Myth: Rent is a waste (revisited)
The Word on the Street
I still struggle to convince people that paying rent is not a purely wasteful practice. I have already done posts on this topic.
Paying rent can be cheaper than getting a mortgage, and the difference in the cost can be invested to your ultimate gain. While I support the idea that most people would benefit from buying a home, I want to emphasize that no one should rush to buy simply because they don’t want to “waste” their money paying rent.
A Quick Distinction
First off, I want to make a quick point of clarification. Renting an apartment can be much cheaper than taking out a mortgage, but renting a full house may or may not be cheaper. Personally, I think renting a home is not a very good decision, and should only be approached under special circumstances or at necessity. Because of the square footage you are renting, the cost to you to rent a home cannot be much less than paying a mortgage, so if you are going to be paying that much, you may as well get some equity out of it.
That said, if your rent is less than what you would pay for a mortgage, then renting is a viable option that ought to be considered.
So, is paying rent a waste? People often ask, “I paid all this rent, and what did I get out of it? Nothing!” But is that really true? Do renters truly get nothing from their rent payments? To answer, let’s look at a similar situation.
Suppose your family pays $200/month for groceries. At the end of the grocery run, is your net worth increased? Nope. Your net worth has decreased because you now have less money in your checking account. So buying groceries is a waste, right? Please say no. For your money, you got food, and food is necessary to life, so you could argue that buying groceries is a fantastic investment ($200 invested and you get back a month of life for your family, how can you measure THAT return?)
So it is with rent. You may not be getting any DOLLARS back, but the need for shelter is as vital as the need for food. So, for your rent, you are purchasing shelter. So it’s not a complete waste, just as buying groceries is not a complete waste. It is simply a necessary purchase.
A New Perspective
In a very real way, you can think of your mortgage payment as consisting of two parts: one part covers the cost of providing shelter, the second part is an investment in real estate. The interest that you pay every month is exactly like paying rent, with only one significant difference (to be discussed later). The principal portion of your payment is exactly like depositing money into an investment, again with only one significant difference (also discussed later). So, if your interest is just like rent, and your principal is just like an investment, then why not pay rent and make an investment? In the end, the result would be very close to the same.

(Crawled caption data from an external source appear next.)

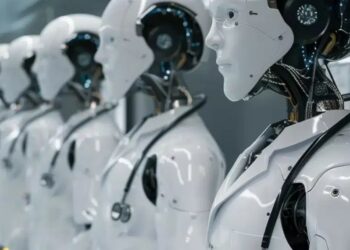 Kina prezanton spitalin e parë në botë që përbëhet nga vetëm 14 doktorë AI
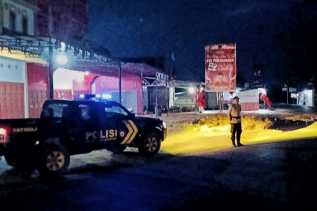 Polsek Rimba Melintang Gelar Patroli Subuh dalam Operasi Tertib Ramadhan Lancang Kuning 2025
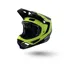 Kali Trinity Carbon Helmet In Quake/Gloss Black/Fluo Yellow
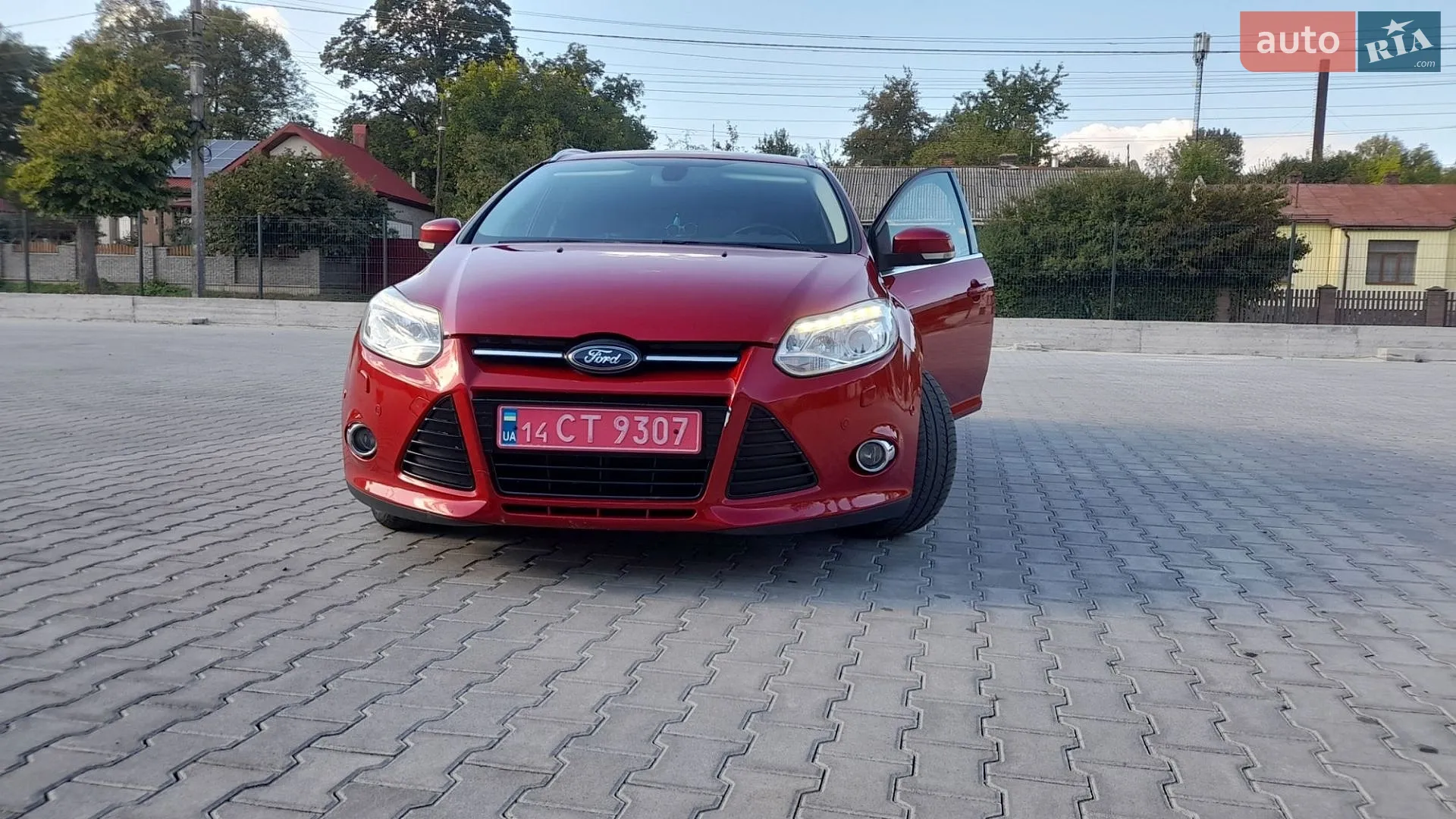 Ford Focus, 2013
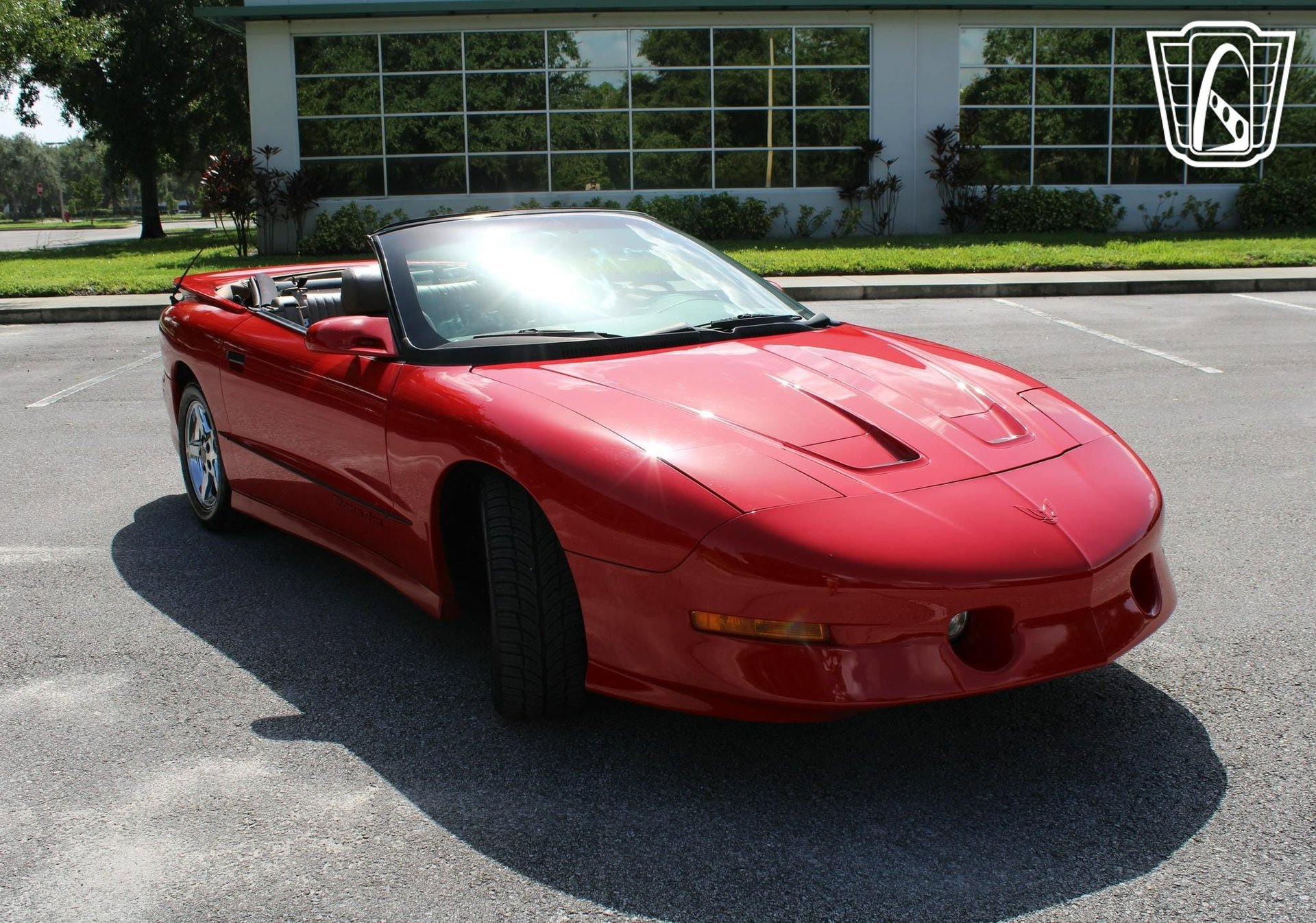Used 1995 Pontiac Firebird Trans Am image 33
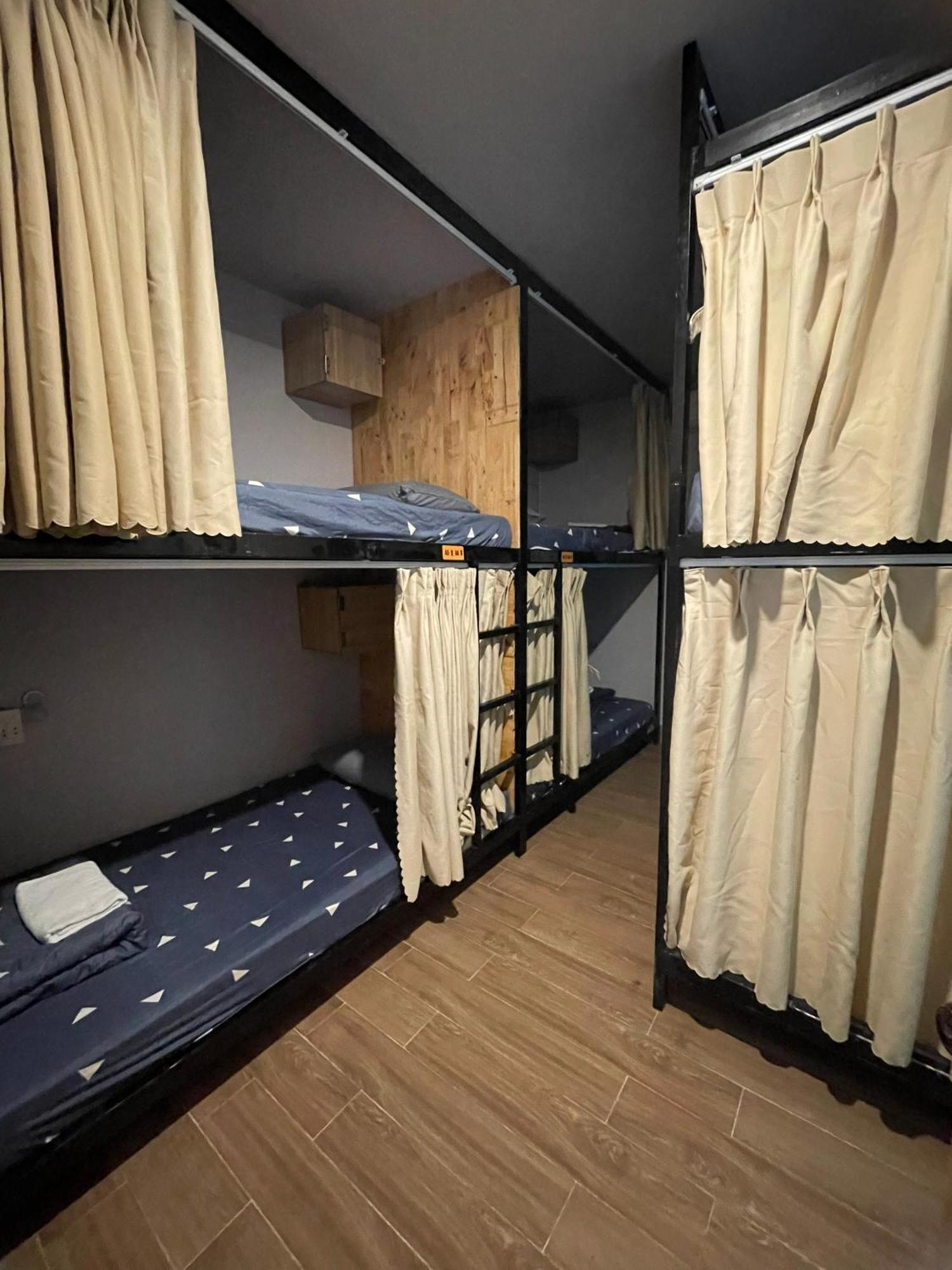 Ikigai Dorm Hostel - Danang Beach Экстерьер фото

Examine the chart below for an illustration of what I mean:
Notice the amount of interest paid versus the amount of rent paid. In the earler months of the mortgage, the interest is higher, leaving less to invest. But, over time, the interest expense decreases, thus freeing up more of your money to be invested in your home as equity. This is the fundamental difference between rent expense and interest expense. notice that it takes almost 7 years (83 months) for the interest expense to become less than the rent expense. So, for 7 years, you are “wasting” more money on interest than you would have on rent. After that point, the situation reverses. This is one reason why it is so important to keep a mortgage long-term; you need the late years to make up for the high expense of the early years.
So, if a portion of your mortgage is going towards an investment, what investment is it? It is your home. You are putting money into your home as equity. Simply put, you are investing in real estate.
Real Estate As An Investment
Have the historical returns on Real Estate Investment measured up to the confidence it has received?
The answer is a cautious yes. Between 1926 and 1996, the annual average rate of return on Real Estate was 11.1%. During the same period the rate of inflation was around 3%. So, it was obviously a better investment to buy Real Estate than to bury cash in jars in your backyard. However, the rate of return for small stocks checked in a bit higher at around 12% while the Dow Jones Industrial Average was a bit lower at 10%. These figures would suggest that Real Estate investments were right there at a par with Stock Market Investments.
So, you can see that real estate investments enjoy similar returns to the stock market, so either investment would be a good choice. However, there are some differences between them. Perhaps most important is that real estate investments are not as easily converted into cash; this convertability is calledliquidity. If you have a large store of home equity, the only ways to access that is to sell the house or to take out a home equity loan (which would cost interest and thus reduce your net gain on the home). On the other hand, stocks (and bonds for that matter) are generally quite easy to convert into cash. The downside with stocks is that they experience a much higher degree of volatility in the short term. So they may be temporarily low in value when you have to cash them in. Both investments carry risk. The type risk each carries varies. Both investment types carry expenses. Again, the type and magnitude of these expenses can vary.
The important point to carry away is that both renting and home ownership present the opportunity to provide shelter, and that they both have room in them for you to save your investment in some kind of investment vehicle. Bear in mind also that the rent vs buy decision is not a decision that you make only once. At some point, renting may be better for you, but that may change next year or the year after. The key factor in the rent or buy decision is your time frame. If you are going to live in a place short-term, then renting is likely the better choice. If you are settling in for many years of living, then home ownership is likely the better choice.